For a customer that could substantiate the savings, IBM directed me to QualTel, a software provider for telecommunications companies. John Pucknell, CTO of QualTel, says he got a 20% performance gain by moving from Solaris on Sun Netra servers to Linux on IBM xSeries servers.

“We’ve been on Solaris for six or seven years,” says Pucknell. “We seriously looked at upgrading Solaris boxes, and the good news was their price was coming down. But the bad news was that for half the price, I can get an Intel box with three times the [processor] speed running Linux.”

Of course, the latest crop of Netra servers is faster, too—the new 900 MHz Netra 20 runs 72% faster than the model QualTel is replacing, according to Pradeep Parmar, Sun’s product marketing manager for the Netra 20.

So what’s QualTel’s savings as a result? “My savings is really nothing—I don’t actually buy the hardware,” says Pucknell. QualTel just writes software. And, since QualTel’s software is still getting tested in IBM’s Linux lab, none of QualTel’s customers are saving money yet, either.
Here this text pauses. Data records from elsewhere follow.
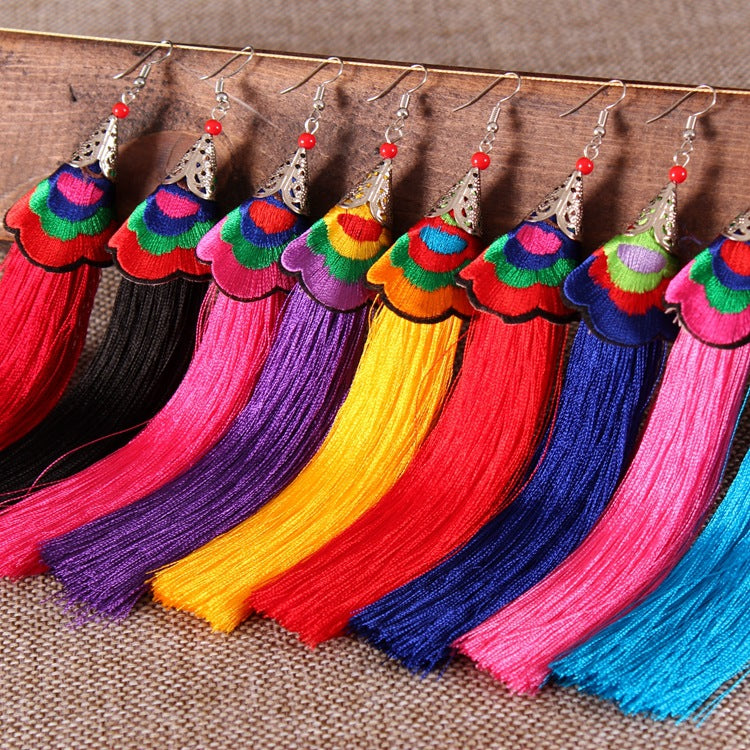 Ethnic Style Embroidered Tassel Retro Long Earrings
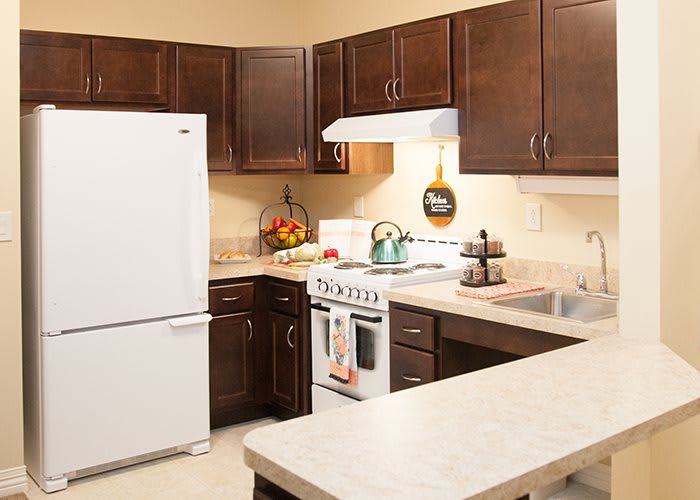 A modern kitchen with dark wood cabinets, a white fridge, and an oven featuring a cozy and inviting layout.
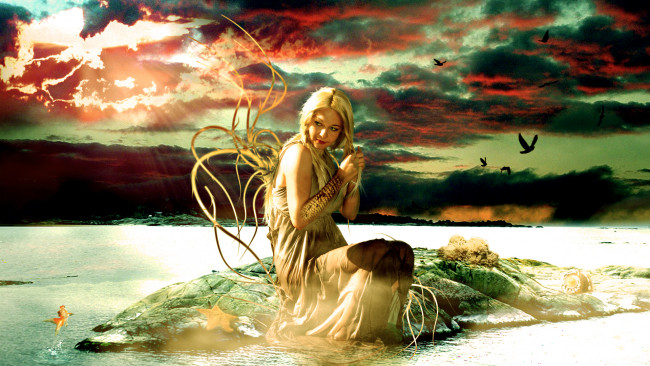 Обои картинки фото фэнтези, фотоарт, фон, взгляд, девушка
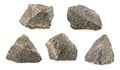 Granite stones, rocks isolated on white background Royalty Free Stock Photo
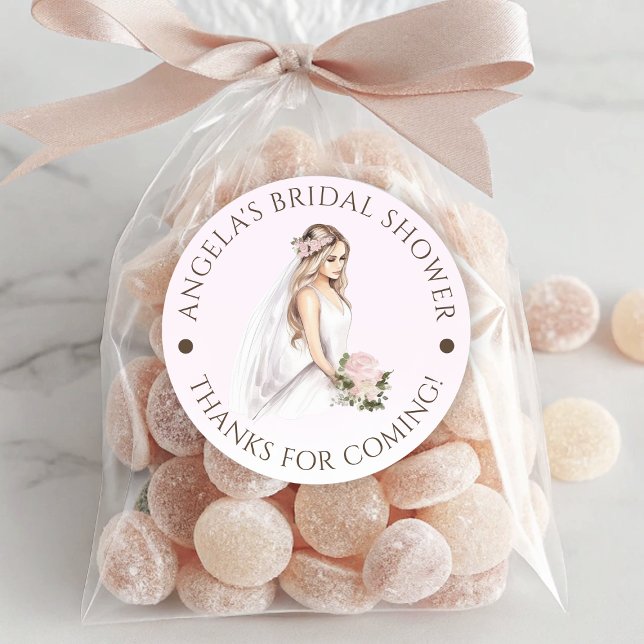 Elegantes, rosafarbenes Brautparty Runder Aufkleber (Elegant Tender Pink Bride-To-Be Bridal Shower Classic Round Sticker)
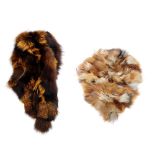 A selection of fur accessories. To include a fox pieced boa, a bronze fox shawl, a dyed bright red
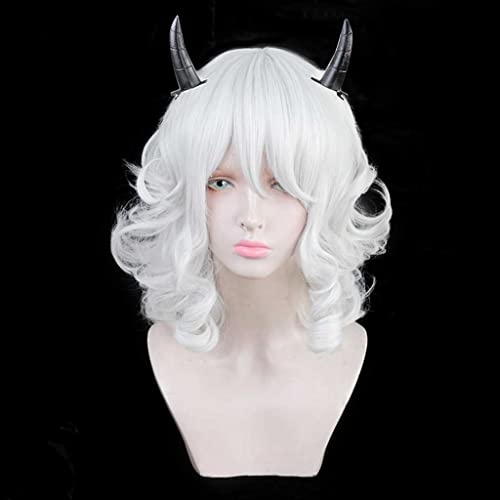 Cosplay Wig,Helltaker Modeus Cosplay Wig，With Horns,Long Curly White Wig,with Free Wig Cap,Halloween Costume Cosplay,for Christmas Carnival party von SSLQYLEE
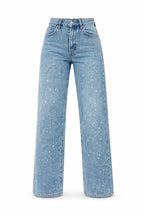 Damen Glitzer Jeans mit Strass – High Waist Straight Leg Jeans für Party & Silvester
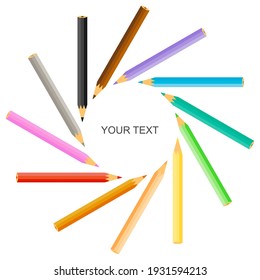 A circle template with colorful pencils as a frame with copy space for your text.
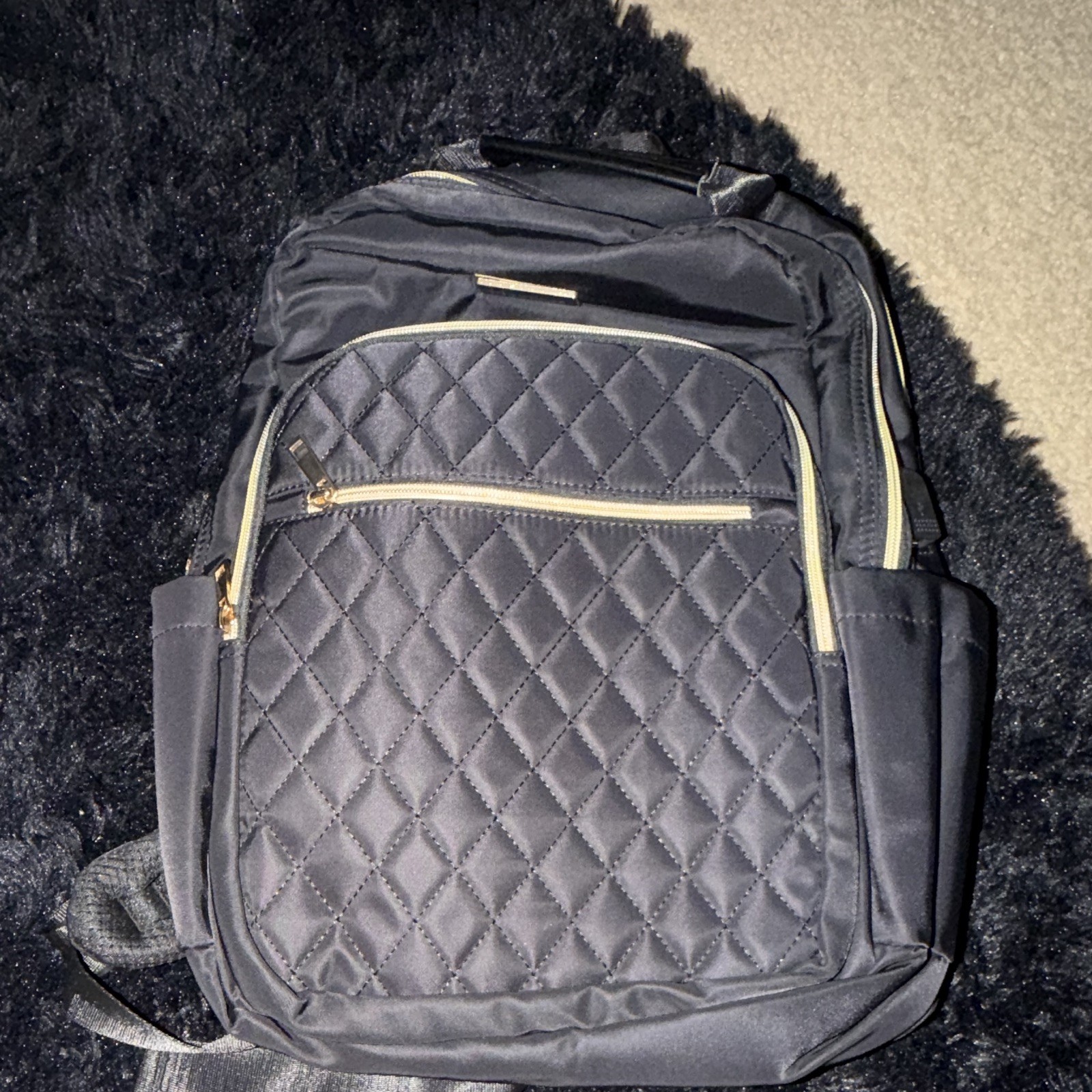 Black Nylon Laptop Backpack for 15in Laptop, Padded, Built-In USB Port 17x12x6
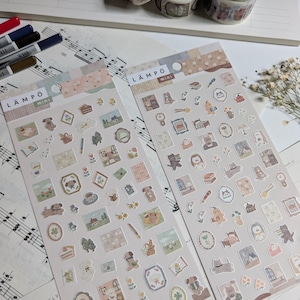 Lampo Mini Sticker Sheet l  l Dog l Cat l Tiny Stickers l Planner stickers l Gold foil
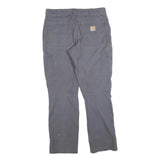 CARHARTT Mens Cotton Blend Grey Relaxed Fit Straight Leg Trousers W33 L32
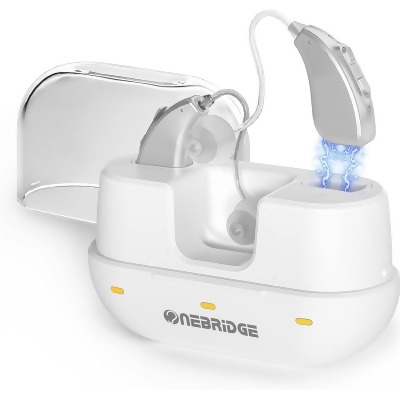 Onebridge Rechargeable Hearing Aids with 4 channel J707 - White/Silver - Open Box 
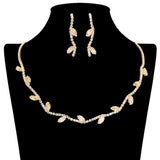 108853, MARQUISE CUBIC ZIRCONIA ACCENT CRYSTAL RHINESTONE NECKLACE SET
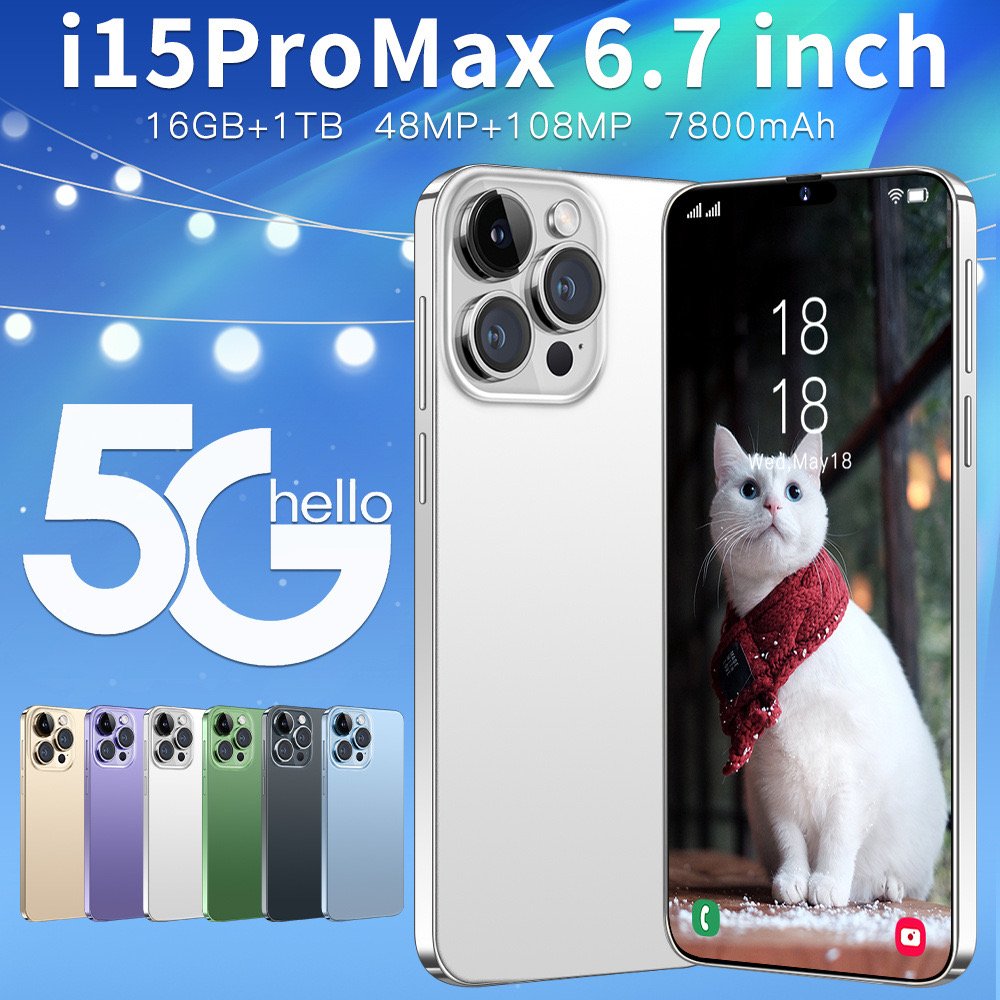 original I15 Phone 14 Pro Max Neuf 7.3 Inch 16gb + 1TB Clone Smartphone Celulares 15 Pro Max Unlocked Mobile Phone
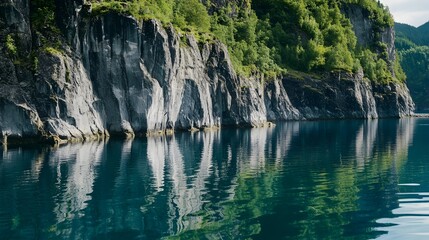 Stunning Rocky Cliffs Reflected Crystal Clear Water Lush Greenery Tranquil Nature Scenic Beauty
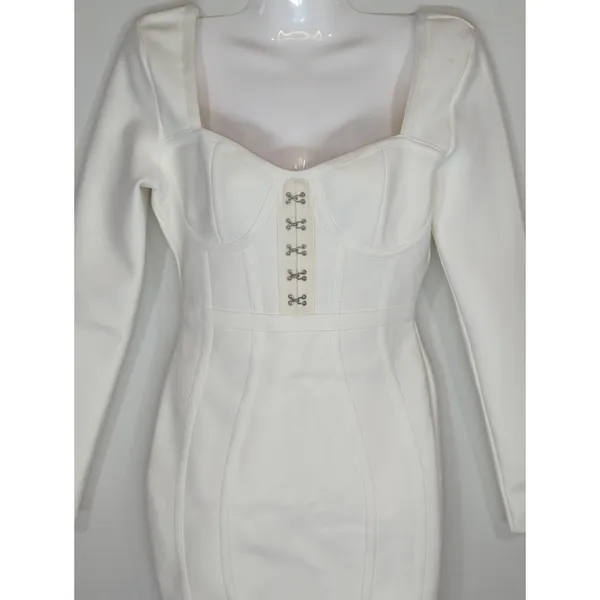 Band of Stars Bodycon Dress‎ White Sweetheart Neck Party Cocktail NWT - Image 3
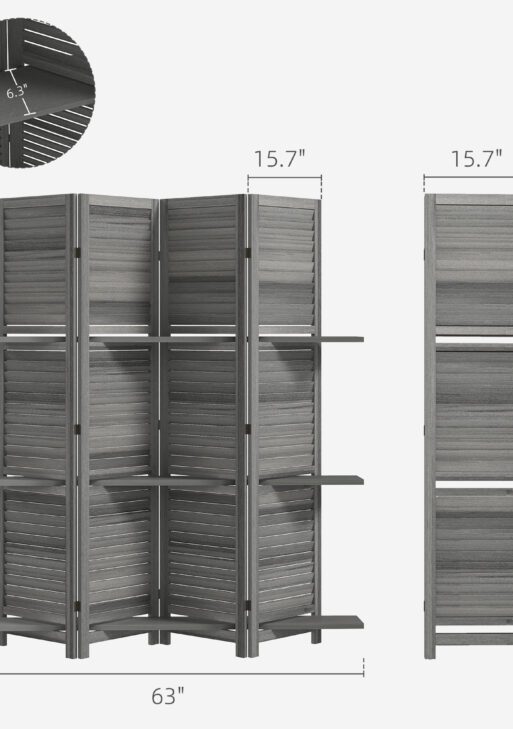 4 Panel 67" Tall Wood Privacy Screen Room Divider with 3 Shelves and Folding Storage for Bedroom, Gray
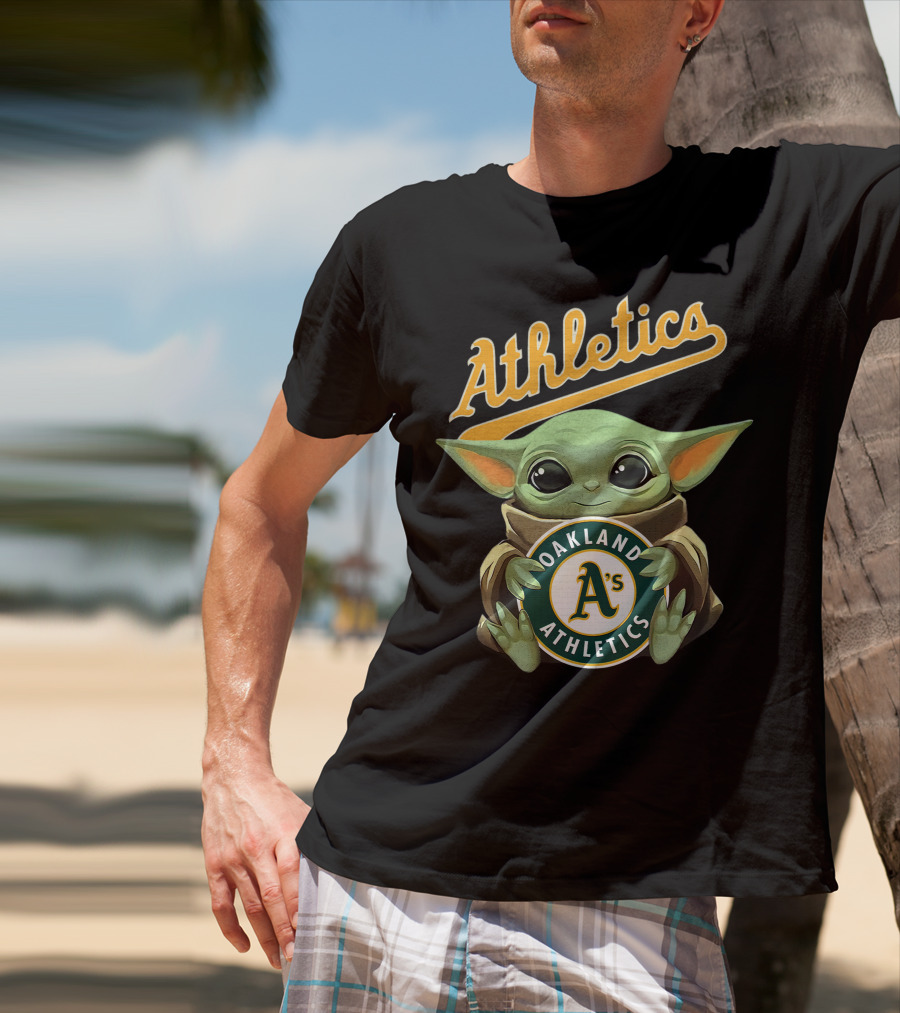 Oakland Athletics Baby Yoda Hugging A's Baseball T-Shirt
Neither IBM nor its Linux partner, Red Hat, produced a customer who had switched from Solaris to Linux to run packaged applications and was willing to talk about savings. HP and Oracle also came up dry—while both say that they have such customers, those customers are in the early phases of rolling out Linux and don’t have solid ROI numbers.

So can you save money running your enterprise applications on Linux? Probably. But since Linux currently only scales up to an 8-processor server (even when those processors are on a virtual server inside an IBM mainframe), you probably won’t want to replace your 106-processor Sun Fire 15K or HP Superdome with a Linux box just yet.

Sean Gallagher is Technology Editor at Baseline.